Carling Cup Final – Spurs 0-0 Man Utd aet (1-4 on pens): Depressed, But Philosophical

First things first – credit to Three-Touch O’ Hara and Brylcreem Bentley for volunteering for the first and third pens. The execution from each was hopeless, but the sentiment was noble. Conspiracy theorists dredging up “ex-gooner” rants can go boil their heads.Second things second – the outcome was fair, and I emphasise that I have no ground for dissent, but I’ll maintain to my dying day that John O’ Shea should have been sent off in the second half of normal time. Irritatingly I was wearing my thoroughly partisan Spurs hat when the heinous offence occurred, so I really could not quote the minute, manner or general spatio-temporal area. However, having been cautioned in the first half he merrily scythed down Modric ( I think), and got away with little more than a moody glare from referee, and bottler-in-chief, Chris Hoy. Had he not been cautioned earlier O’ Shea most certainly would have been cautioned for the particular offence. Tottenham, being Tottenham, would undoubtedly have failed to break down ten men, so I won’t suggest that as an excuse/reason for our eventual failure to draw a bank against eleven men, but I nevertheless cantankerously grumble at Mr Hoy.

Third things third – I reckon the ref actually got the Ronaldo penalty claim right, albeit on a technicality. The first offence was Ronaldo executing the first part of a dive. The second offence was Ledley clipping him. I doubt that bottle-job Foy saw it that way – I presume he saw it as a dive from start to finish – but in the strictest sense I consider that Foy stumbled upon the correct decision, albeit by accident rather than design. The first offence was a dive. If Little Miss Ronaldo had stayed on his feet rather than looking for the dive then he ought to have been awarded a pen.

Fourth things fourth – did Woody really turn an ankle by falling down the stairs of the team hotel?

Those are moot points. Frankly, it struck me as a fair enough result. My gripe, again, tediously, is the damned insistence upon 4-5-fricking-1. FOR THE LOVE OF GOD, WHY??? With no strikers on the bench it was always a slightly tough call, and Pav did not exactly have a blinder, but withdrawing him after 70, with extra-time looming, was madness on a par with David Icke’s push for celestial pre-eminence. The game-plan was working relatively well, following an excessively wobbly opening 25 mins, so why take off a striker? Switching from 4-4-2 to 4-5-1 simply removed any hope we might have had of bludgeoning down the fantastically-marshalled Man Utd rearguard.

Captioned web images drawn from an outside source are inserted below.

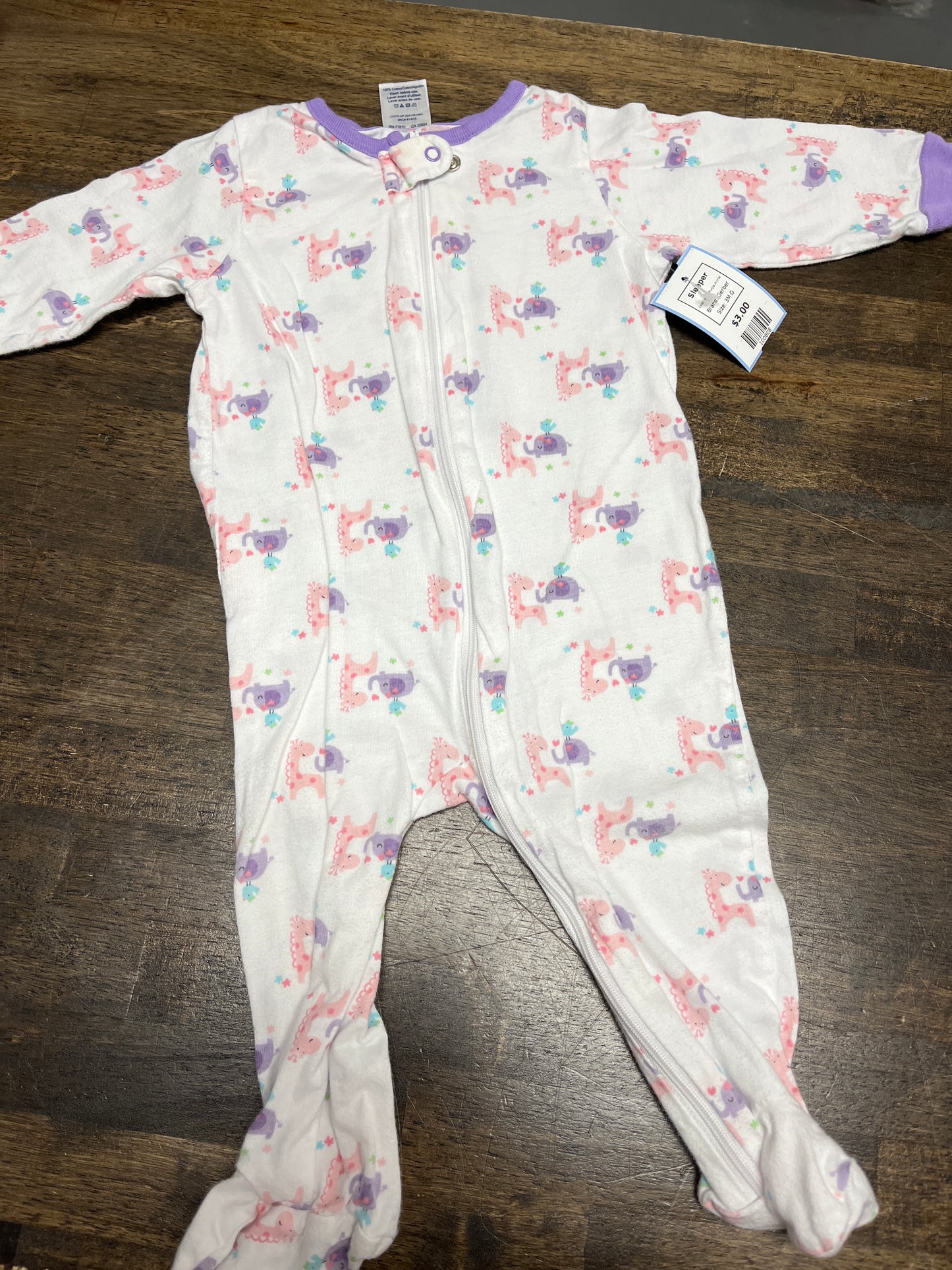 White/Purple Animal Gerber Sleeper, 3M G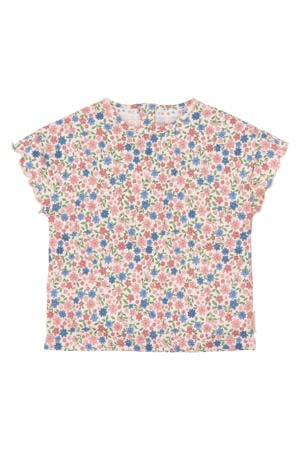 gebloemde T-shirt roze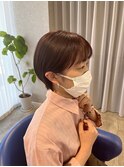 マッシュショートボブ丸みショート大人ショートボブ前髪あり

Any attack we mounted thereafter left Bent on his own against three or more defenders. No logic to that one – Bent would struggle against a single defender with one leg and no eyes. Even when we were gifted possession and able to counter-attack we were nowhere near a numerical advantage. I’m blessed with a small forehead and a thick head of hair, and as such I’m unlikely ever to go bald. This allowed me to pull my hair out without any concern for long-term aesthetic devaluation, so I was able to yank out great big clumps without any obvious effect upon my unkempt mop. Mind you, several vital organs – including, notably, the heart – suffered considerable damage as one aimless ball after another was lofted hopelessly towards big, bad, misfiring Dazza, on his own, practising that Darren Bent look. You know the one – confused, hurt, hands half-raised towards the head.

I suppose it would have made little difference to a game that had “draw” tattooed across ever spare inch of it. Lennon and Modric, as expected, were the source of everything good in lilywhite. Bent had a half-chance of glory, but being Bent it simply was not ordained by the gods. Their ‘keeper, that Foster lad, played a blinder, irritatingly. Little Miss Ronaldo almost broke our hearts in the cruellest possible fashion after 92-and-a-half of the 93 minutes. But all told, it was pretty even.

A final point. Apparently, as the teams prepared for pens, United keeper Foster had a quick peek at an iPod showing Spurs players’ previous pens. The first of which was Three-Touch O’Hara thwacking one to the right – now there’s a coincidence. No idea what Gomes was up to at that point. Probably practising that stand-on-the-spot-and-stick-out-an-arm dance routine. Nothing wrong with a full-stretch dive, Heurelho. Maybe those are the margins.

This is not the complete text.